Speaking of anxiety though, worrying about future events more often than not just creates unnecessary anxiety. While it is important to plan and be prepared, there is a limit to the effectiveness of this when it takes away from the enjoyment of the present. It is better to remind yourself of ways you are prepared for and tools you have to handle any concerning situations in the future, and then focus back on the present. It can be challenging to train your mind to pay attention to only what’s happening now, or only one issue at a time, but it can be very beneficial to do so.

So how is this accomplished? Try just these few steps this week as a starting point.

  • First – wait for it – breathe. Yes, breathe. Nice and slow, in through your nose and out through the mouth. Remember that slowing down your breathing calms your nervous system, allows you to relax, and provides an oxygen boost which improves mental focus.

  • Pay attention to your surroundings. What do you notice? Listen to the sounds you hear, notice any smells, and just observe. This is particularly useful to practice if you are outside where you can be immersed in nature.

  • Prioritize. Is there something you really have to do this moment? If so, attend to it, but only that one thing. You don’t have to stop a necessary activity to be mindful (in fact, the goal is to be mindful in all activities!) If not, then just stay present in the moment observing what’s around you.

  • Notice any thoughts that are going through your mind. Are they helpful thoughts, or are they worries? Try to clear your mind of any thoughts that aren’t necessary. When I do this, I like to imagine a little ship in the ocean that I place the extra thoughts on and watch them float away. It works for me, maybe it will work for you too. Do that repeatedly until you feel your mind clear.

  • Put down your phone. Avoid scrolling mindlessly or checking for messages, that will just add clutter to your thoughts. If you notice that you feel anxious when you actively disengage from technology for a bit, realize that this is common and just recognize the emotion. Name your emotion as well. Saying to yourself "I am feeling anxious" (or distracted, or tense, or sad, etc.) has a different effect than saying "I AM anxious" (or distracted, or tense, or sad, etc.) It helps you to recognize that you are having an emotion, instead of being caught up in the emotion. Remind yourself that any messages or emails or comments will still be there later as well.

  • Focus on your body. Take a quick scan to assess how you’re feeling. Are there any spots of tension or places of stress? Do you need to relax or take a walk? Maybe you’re hungry or thirsty. Tune in to your own needs.

  • Be present. Whatever it is you are doing – or not doing – pay attention only to that. It doesn’t matter if you’re completing a household task or going outside for a walk. Just be present fully in the moment. Enjoy it.
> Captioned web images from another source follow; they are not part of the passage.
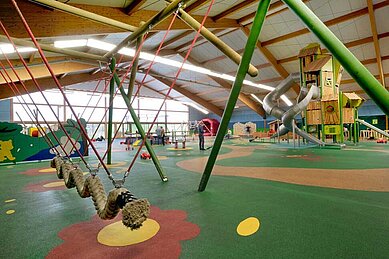 Familienhotel Sonnenhügel in der Rhön besitzt einen wunderschönen Indoor-Spielplatz.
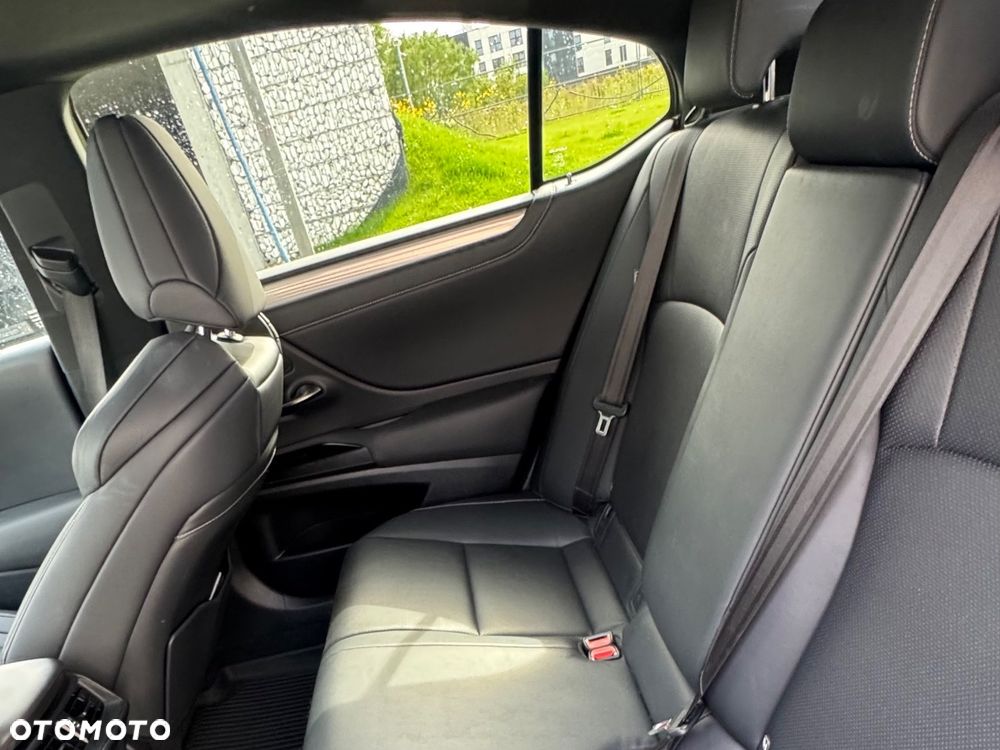 Lexus ES - 8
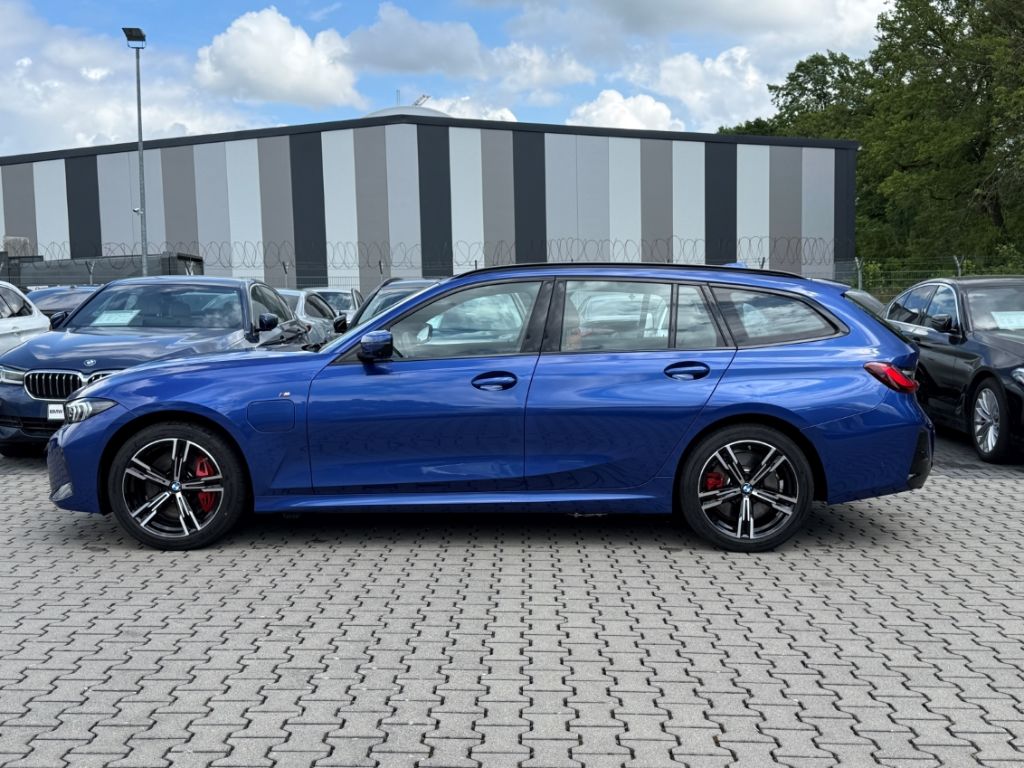 BMW 330 - Bild 3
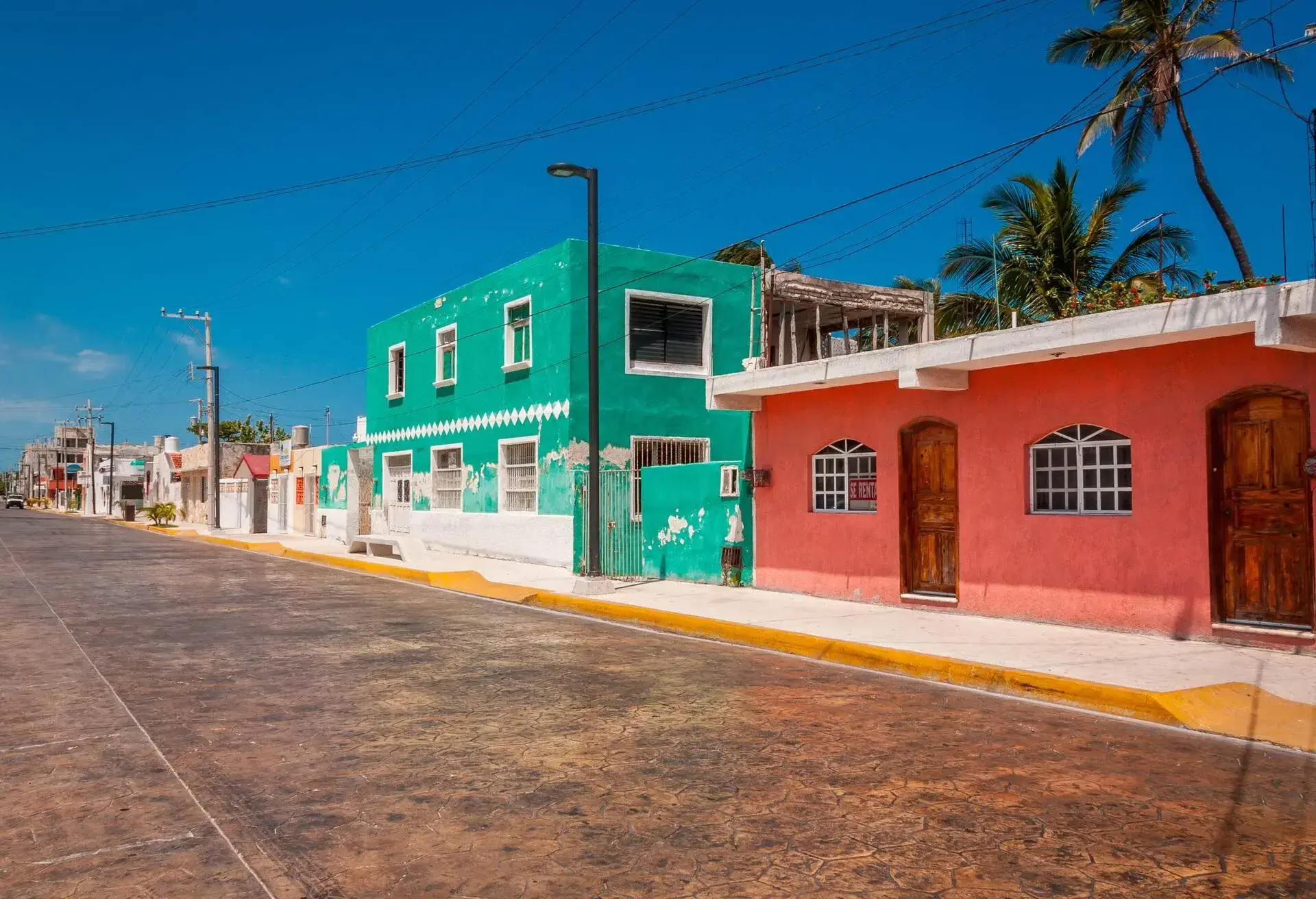 DEST_MEXICO_PROGRESO_shutterstock-portfolio_221160388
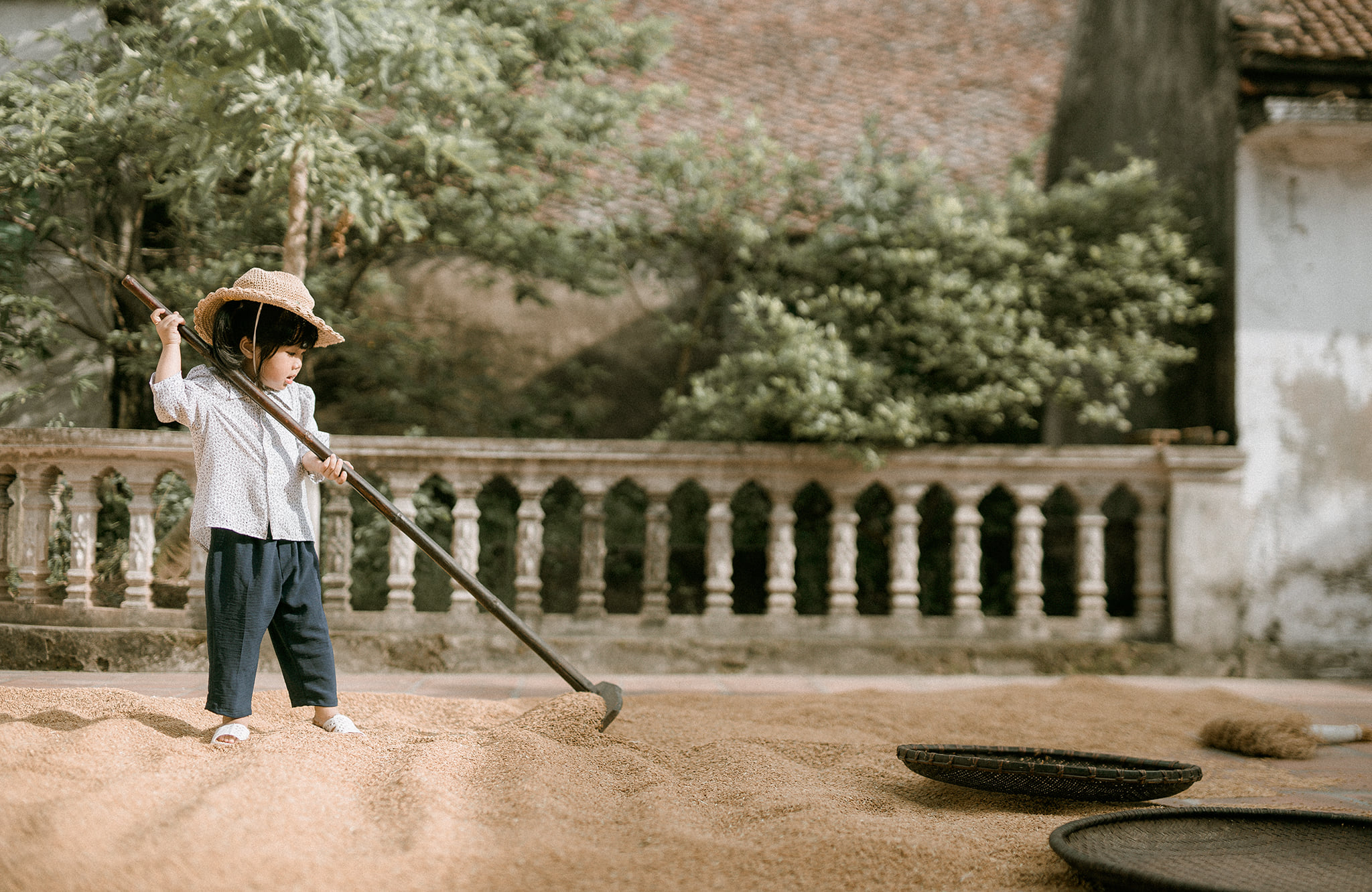 Chẳng cần quà cáp xa hoa, ông bố trẻ tặng con gái món quà vô giá nhân ngày 1/6: Chiếc vé về tuổi thơ cực &quot;XỊN&quot; với xe kem mút và thả diều trên đồng - Ảnh 8.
Try that for the next week and see if you notice any changes in your perceptions or how you are feeling. If worries creep into your mind, it’s okay to notice them but don’t let them take hold of your thoughts entirely. I love this image of a person walking with their dog outside. I’ve used it for years to illustrate the concept of mindfulness to people. Notice how the person’s thoughts are full of clutter, and they’re concerned about multiple problems that are not occurring right now. And this is distracting from the activity they’re actually doing. But the dog? That dog’s thoughts are completely focused on enjoying the moment outside with its human.

That’s exactly how we want to teach our minds to be. And it’s very possible, with a little practice. It doesn't mean that difficult events won't occur in the future, but it helps you to enjoy what is happening right now without the potential worry of those events taking away from that experience. Remember to practice being mindful and clearing your thoughts ever day, and it will get easier over time. Hopefully this posts gets you on the path to a calmer, clearer mindset!